Rheinland Pfalz

An das
Ministerium des Innern und für Sport

z. Hd. Frau Holschbach

Schillerplatz 3-5

55116 Mainz

 

                                                                                                Datum    08.11.02                                                                                                                                                         

 

Gefahrenabwehrverordnung – Gefährliche Hunde – vom 30.Juni 2000;
hier: Ihr Schreiben (ohne Aktenzeichen) vom 06.11.02

Sehr geehrte Frau Holschbach,

vielen Dank für Ihr o.a. Schreiben.

Mit großer Verwunderung entnehme ich Ihrem Schreiben, dass „die Experten“ eine Gleichsetzung des Rottweilers mit den in der Gefahrenabwehrverordnung als gefährlich eingestuften Rassen für keineswegs angemessen halten und stelle mir die Frage, für wie dumm und unin­formiert man die betroffenen Hundehalter eigentlich hält. 
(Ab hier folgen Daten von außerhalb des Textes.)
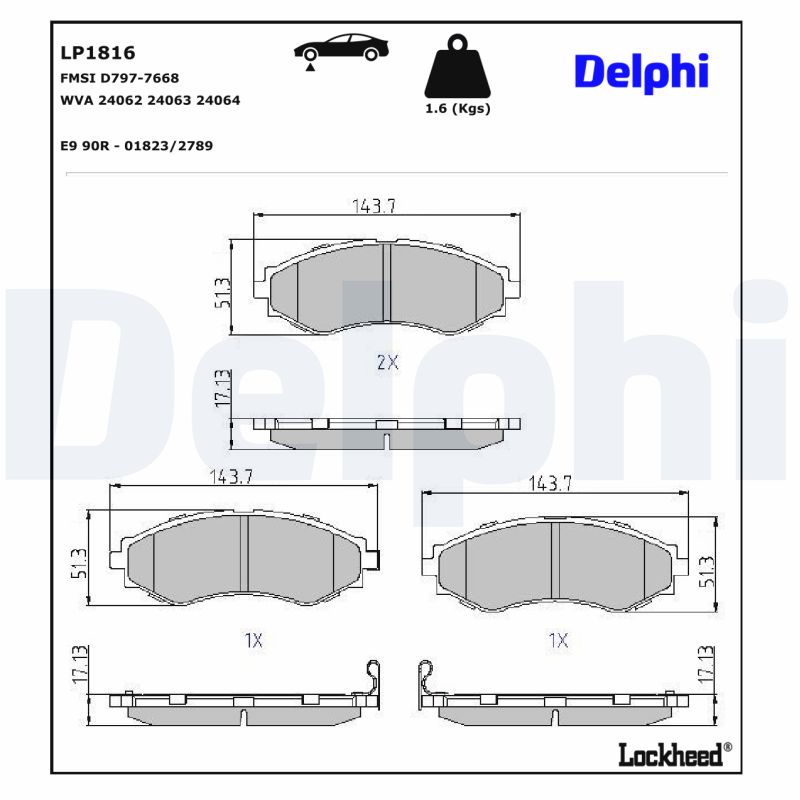DELPHI DLP LP1816 Fékbetét készlet, tárcsafék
Wie Sie selbst ausführen, wird von den Experten die Unkenntnis sehr vieler Hundehalter über einen artgerechten Umgang mit Hunden als häufigste Ursache für aggressives Verhalten der Tiere kritisiert. Jeder Halter eines sog. „Kampfhundes“ muss seine Sachkunde nachweisen und ist somit nicht „unkundig“ über einen artgerechten Umgang mit seinem Hund. Ein Halter eines „Rottweilers“ benötigt keinen „Sachkundenachweis“. Somit ist die Gefahr, den Hund aus Unkenntnis nicht artgerecht zu behandeln und aggressives Verhalten zu „provozieren“ bei Haltern von Rottweilern weitaus größer, als bei sachkundigen Haltern sog. „Kampfhunde“.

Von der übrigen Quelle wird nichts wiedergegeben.